Sous l’occupation, les ports de Port-au-Prince, Cap-Haïtien et Jacmel furent placés sous la juridiction opérationnelle de receveurs américains, responsables de la perception et de l’allocation des recettes douanières
L’avènement de 1915 dans le contexte haïtien représente une bifurcation critique dans la trajectoire institutionnelle et économique de la jeune république. À la suite de l’assassinat du président Vilbrun Guillaume Sam en juillet 1915, l’intervention militaire américaine instaura un contrôle effectif sur les leviers fiscaux nationaux, au premier rang desquels les douanes. Cette subordination institutionnelle illustre la transformation d’un instrument de souveraineté fiscale en vecteur de domination étrangère.
Le régime douanier haïtien, structuré depuis la fin du XIXᵉ siècle pour garantir la perception des recettes de l’État, fut progressivement capté par des acteurs extérieurs. Dès 1905, la National City Bank of New York avait exercé une influence notable sur l’affectation des recettes douanières, principalement pour le service de la dette extérieure. L’intervention de 1915, cependant, matérialisa cette hégémonie dans une configuration quasi-coloniale : les ports et points de collecte furent administrés par des agents américains, investis d’un mandat de perception et de redistribution des recettes selon les impératifs des créanciers internationaux.
Le traité bilatéral de 1915 formalisa juridiquement cette mainmise. L’institution du Receveur général américain, investi d’une autorité quasi souveraine sur les ressources douanières, établit un mécanisme de priorité de remboursement de la dette, limitant substantiellement l’autonomie fiscale et budgétaire de l’État haïtien. Cette configuration engage une réflexion sur la notion de souveraineté économique, dans laquelle la perception des revenus publics, pivot de l’autonomie étatique, devient instrumentalisée par des puissances extérieures.
L’effet concomitant de cette dépossession institutionnelle fut multidimensionnel. D’une part, il réduisit la capacité de l’État à financer ses fonctions régaliennes, notamment les infrastructures publiques et les services essentiels. D’autre part, il alimenta un sentiment nationaliste et une contestation de l’occupation, donnant naissance à une rhétorique politique et intellectuelle dénonçant la subordination du droit fiscal à des logiques de dépendance impériale. Le contrôle des douanes se révèle ainsi comme un paradigme de la subordination économique : la fiscalité nationale, jadis instrument de consolidation de l’État, fut convertie en levier de tutelle.

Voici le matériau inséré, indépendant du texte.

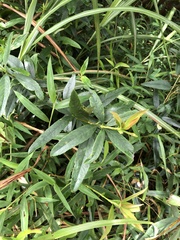 Rhaphiolepis lanceolata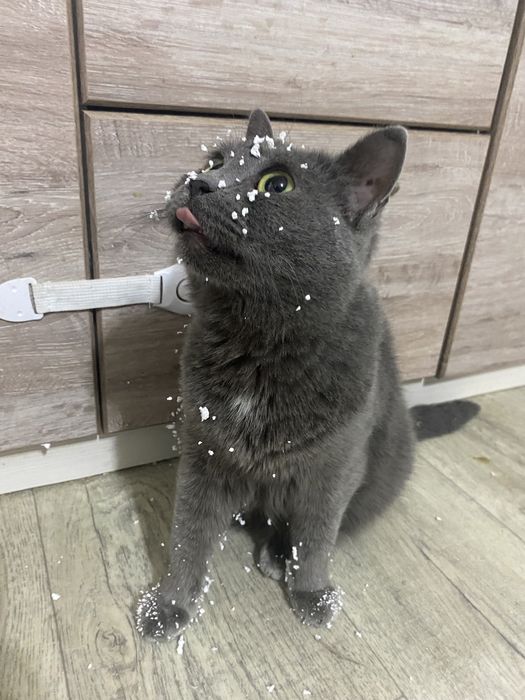 Девочки из приюта ищут дом .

En définitive, l’analyse de la situation des douanes haïtiennes en 1915 permet d’articuler une lecture critique des relations entre souveraineté étatique et intervention étrangère. Elle illustre comment la captation des instruments fiscaux, sous couvert de sécurité financière et de service de la dette, opère une dépossession structurelle et institutionnelle, conditionnant durablement la capacité de l’État haïtien à exercer pleinement son autorité.